*WHAT IS BEING ASKED*:
Tally the lines of the listing that contain the word "Black", then give the total and nothing else.

[INPUT DATA Boundary: Start]

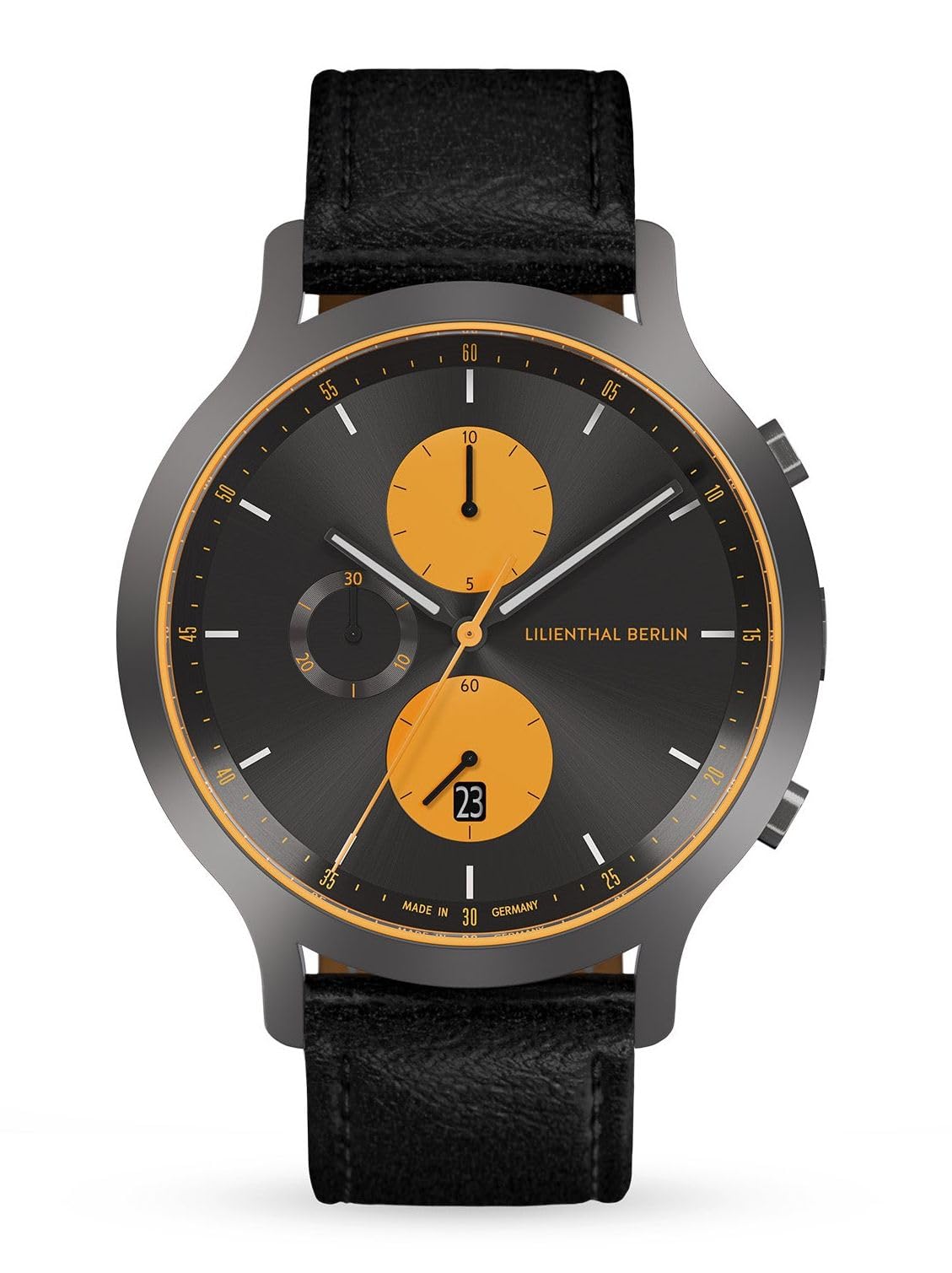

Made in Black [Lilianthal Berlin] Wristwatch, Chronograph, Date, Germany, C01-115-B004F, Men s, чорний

[INPUT DATA Boundary: End]
[INPUT DATA Boundary: Start]

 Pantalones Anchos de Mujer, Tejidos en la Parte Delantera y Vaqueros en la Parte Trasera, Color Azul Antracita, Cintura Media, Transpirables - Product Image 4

[INPUT DATA Boundary: End]
[INPUT DATA Boundary: Start]

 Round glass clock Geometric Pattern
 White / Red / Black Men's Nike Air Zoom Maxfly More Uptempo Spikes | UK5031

[INPUT DATA Boundary: End]

*RESPONSE BELOW*:
2